Like AWS and Azure, pods are not allowed access to metadata service unless they are host-network for security reasons.

Comment 1 Christian Huffman 2019-08-30 20:56:45 UTC
I spent a fair bit of time attempting to test this in the openshift/origin repository. From discussions with other developers, this isn't readily reproducible in kubernetes, as they use docker instead of cri-o.

I was able to resolve the issue by running the "[sig-storage] CSI Volumes [Driver: pd.csi.storage.gke.io][Serial] [Testpattern: Dynamic PV (default fs)] subPath should support non-existent path [Suite:openshift/conformance/serial] [Suite:k8s]" test and manually editing the DaemonSet and StatefulSet to include `hostNetwork: true`. I've submitted https://github.com/kubernetes/kubernetes/pull/82197 to address this in upstream.
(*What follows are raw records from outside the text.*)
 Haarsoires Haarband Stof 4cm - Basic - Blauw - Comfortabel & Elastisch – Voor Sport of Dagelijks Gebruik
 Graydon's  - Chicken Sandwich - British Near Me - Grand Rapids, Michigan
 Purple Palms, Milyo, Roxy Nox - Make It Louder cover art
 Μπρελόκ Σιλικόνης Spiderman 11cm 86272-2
Once merged I'll backport the fix to openshift/origin.

Comment 2 Jan Safranek 2019-09-02 11:33:23 UTC
I'd prefer fixing CRI-O in bug #1718389 (aiming at 4.3) instead of changing of every test Pod. We can disable the offending CSI tests in 4.2.
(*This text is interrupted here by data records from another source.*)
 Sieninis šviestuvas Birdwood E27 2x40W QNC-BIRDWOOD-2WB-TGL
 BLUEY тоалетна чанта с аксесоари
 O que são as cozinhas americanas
Comment 4 Christian Huffman 2019-09-03 14:55:09 UTC
After discussing this during the bug triage meeting, we're going to close [1] and focus on addressing the CRI-O bug for 4.3. The offending CSI tests will be disabled in 4.2.

[1] https://github.com/kubernetes/kubernetes/pull/82197

Comment 5 Christian Huffman 2019-09-03 19:41:13 UTC
I've submitted https://github.com/openshift/origin/pull/23720 to disable these tests for OCP 4.2. These should be re-enabled once the CRI-O bug is resolved.
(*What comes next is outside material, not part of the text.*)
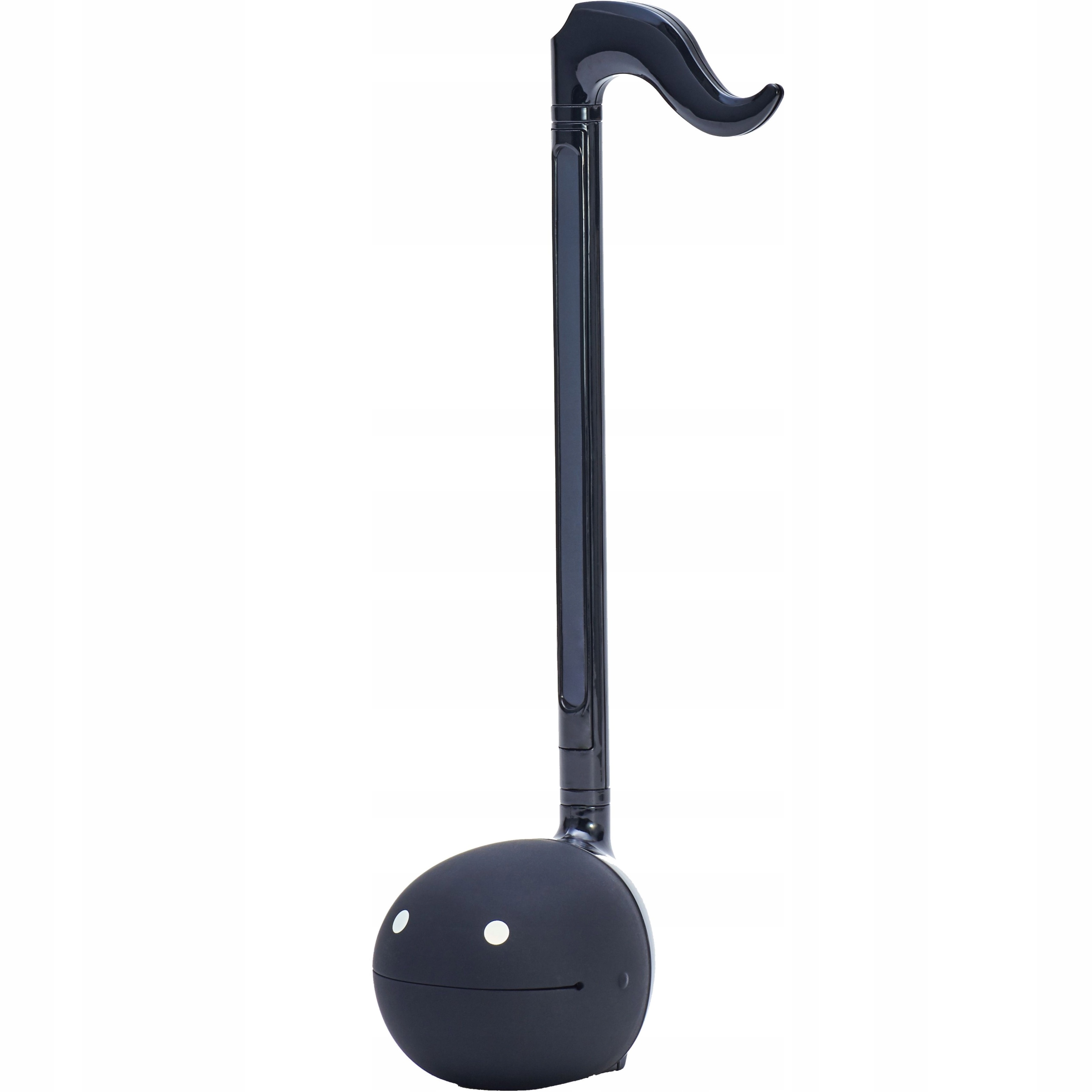 Otamatone Classic Black Syntezátor nástrojů Maywa Denki s bateriemi Aaa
Comment 8 errata-xmlrpc 2019-10-16 06:37:32 UTC
Since the problem described in this bug report should be
resolved in a recent advisory, it has been closed with a
resolution of ERRATA.

For information on the advisory, and where to find the updated
files, follow the link below.

If the solution does not work for you, open a new bug report.

https://access.redhat.com/errata/RHBA-2019:2922